Czech city names first-ever public place after Romani figure

29.3.2018 12:36
On 27 March 2018 the park on Hvězdova Street in Brno was renamed Eugen Horváth Park (PHOTO:  ČTK)
On 27 March 2018 the park on Hvězdova Street in Brno was renamed Eugen Horváth Park (PHOTO: ČTK)

The City of Brno is the first to name a public location in the Czech Republic after a Romani figure. On 27 March the name of the Hvězdička Park was officially changed to Eugen Horváth Park.

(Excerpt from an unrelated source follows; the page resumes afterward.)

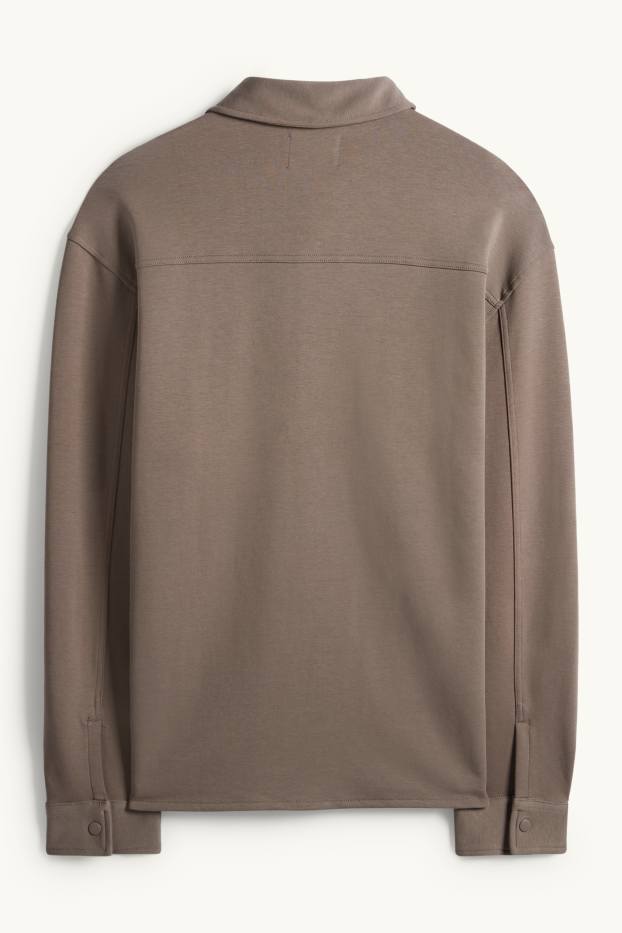 Home - Sobrecamisa - relaxed fit - marró clar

The park was renamed after the renowned musician by a City of Brno assembly resolution in December 2017 on the basis of a civic initiative from the local Romani community. The grand re-naming ceremony was organized by the "DROM, Romani Center" on 27 March at 16:00 directly at the park (Hvězdová 9).

Alica Heráková, spokesperson for DROM, said during the ceremony that it was the first public space in the Czech Republic to be named after a Romani figure. "The initiative arose spontaneously when a group of Romani people came to see me in 2015 who wanted to create a memorial to Janko Horváth," DROM director Miroslav Zima told the Czech News Agency.

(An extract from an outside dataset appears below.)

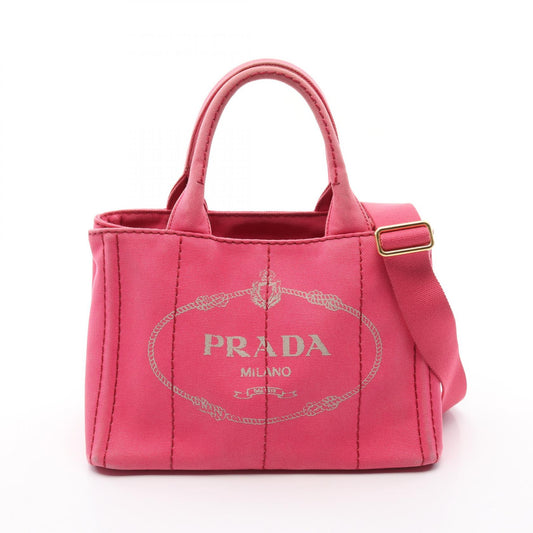 Prada Canapa Canvas Tote Bag 1BG439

Local performers scheduled to appear during the event included the dance ensemble Piroš rouža, the "Cembalom Music of Milan Horváth" ensemble, and the Harmonic Play group. DROM has been striving to rename a public place after Eugen Horváth for several years.

The first idea was to hold a concert, but Zima had the idea of attempting to name the street in the Husovice neighborhood where the musician lived after him. "We attempted it in the Brno-sever municipal department to rename Dačického Street, which is where Janko Horváth lived, but it was not approved. In 2016 our request to rename the park was not approved either, but we tried one more time," he said previously.

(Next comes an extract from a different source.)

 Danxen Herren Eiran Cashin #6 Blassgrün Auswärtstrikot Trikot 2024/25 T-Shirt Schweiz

Re-naming a street is always a bit more complex of a process because 80 % of the residents must agree to the change. "The address of the park is the seat of our center only, so that condition was fulfilled without any problem," Zima said.

Last year the idea was supported by a petition with roughly 300 signatures and succeeded."We want Romani people to feel at home here, to take care of the place, to cultivate a relationship toward it, and for the city to perceive the Roma as their fellow citizens," Zima said.

The director wants to support more such projects in the future. During the celebration organizers unveiled a memorial plaque.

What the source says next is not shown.